Brief descriptive captions:
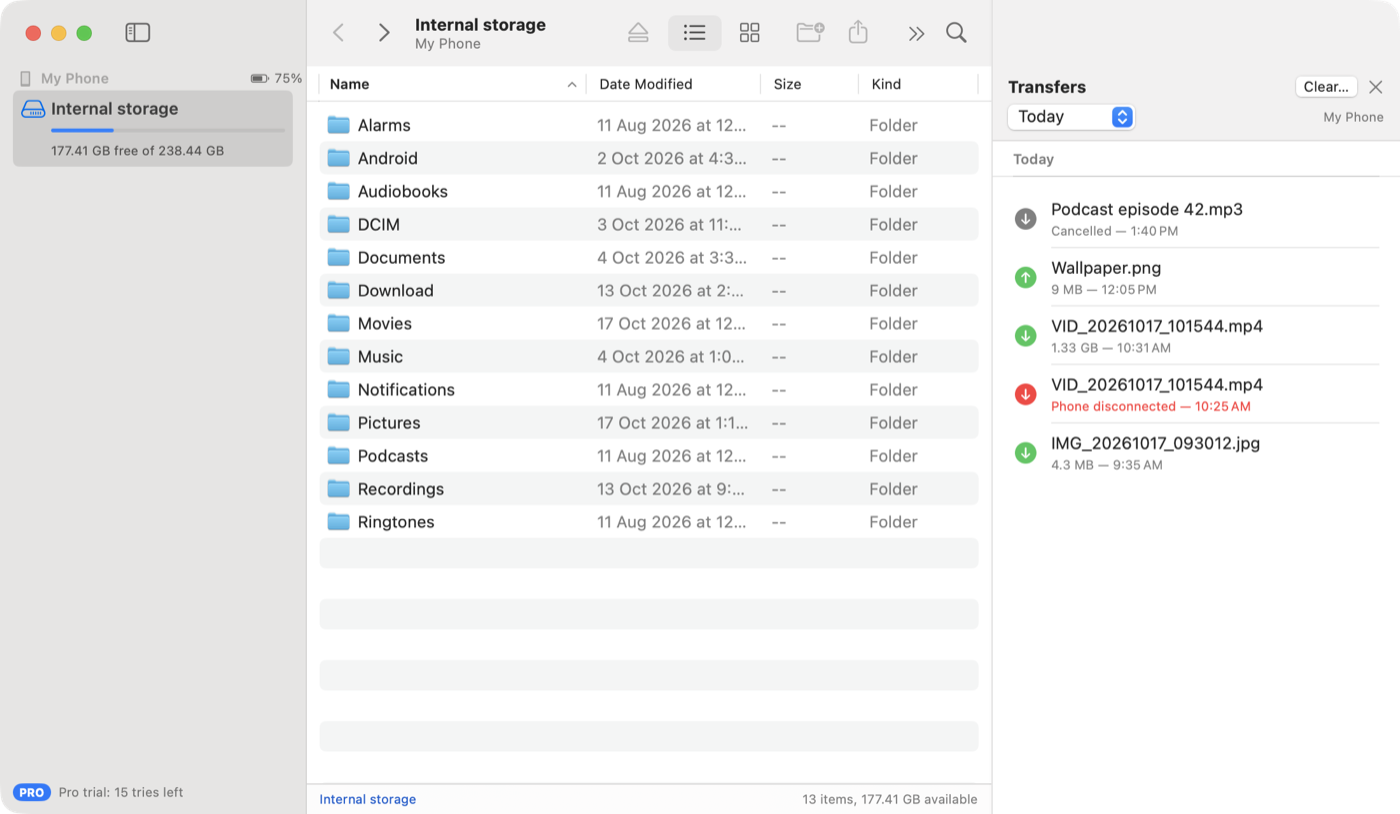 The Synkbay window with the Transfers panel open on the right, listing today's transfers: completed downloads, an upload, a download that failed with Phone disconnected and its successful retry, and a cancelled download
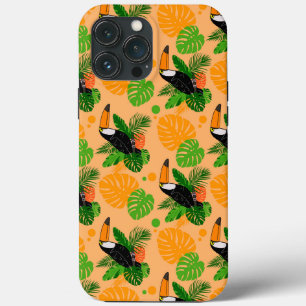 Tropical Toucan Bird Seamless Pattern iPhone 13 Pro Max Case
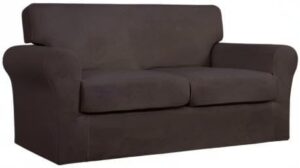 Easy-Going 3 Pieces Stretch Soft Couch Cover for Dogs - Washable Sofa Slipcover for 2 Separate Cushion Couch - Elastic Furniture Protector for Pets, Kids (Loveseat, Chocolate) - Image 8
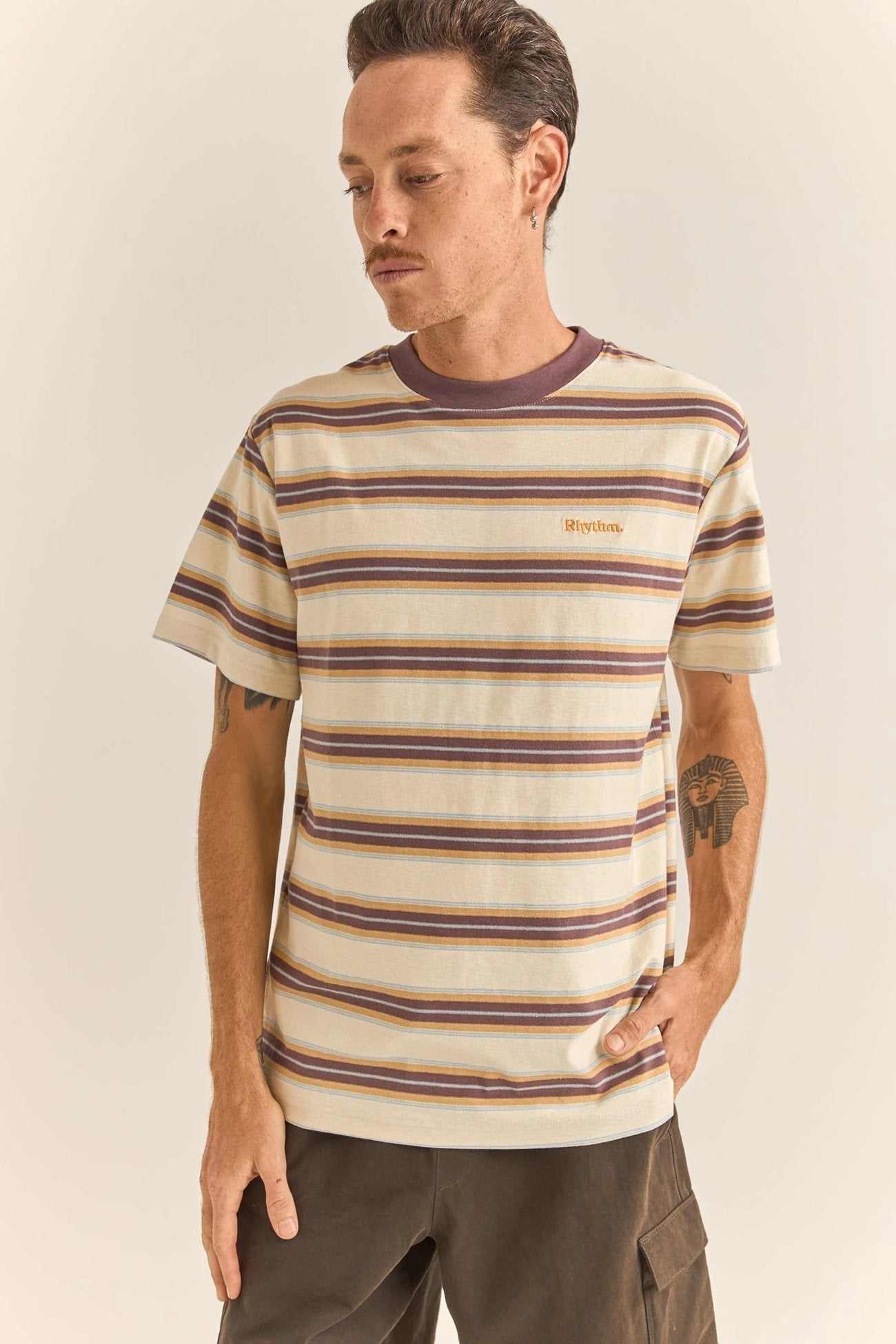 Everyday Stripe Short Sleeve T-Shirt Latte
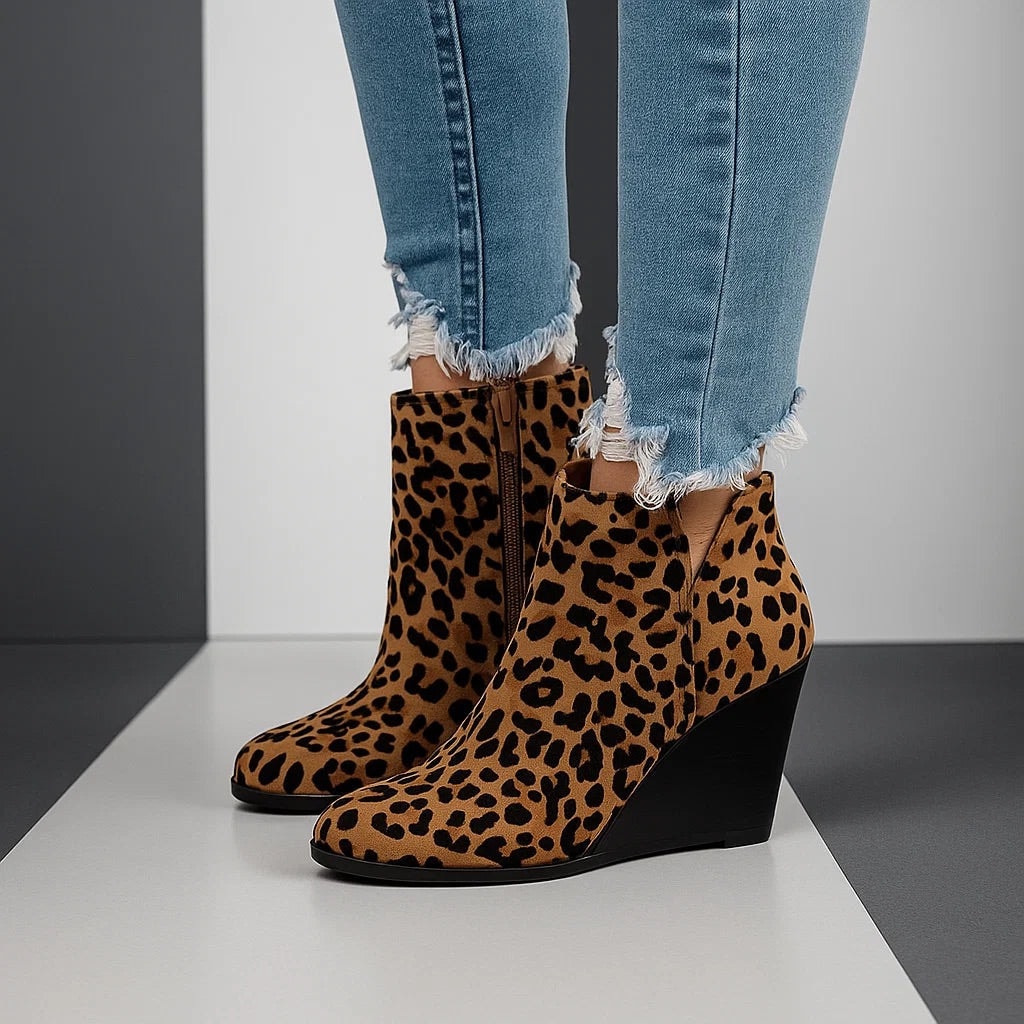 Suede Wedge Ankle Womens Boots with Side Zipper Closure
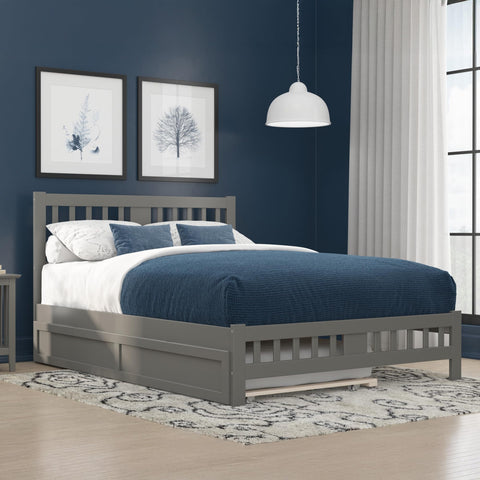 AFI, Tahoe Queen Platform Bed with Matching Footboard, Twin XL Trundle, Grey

> [Exercise description]:
The answer must consist solely of the lines from the first line of the data through the line containing "Tropical Toucan Bird", inclusive, reproduced exactly and without pictures.

> [Answer section]:
 The Synkbay window with the Transfers panel open on the right, listing today's transfers: completed downloads, an upload, a download that failed with Phone disconnected and its successful retry, and a cancelled download
 Tropical Toucan Bird Seamless Pattern iPhone 13 Pro Max Case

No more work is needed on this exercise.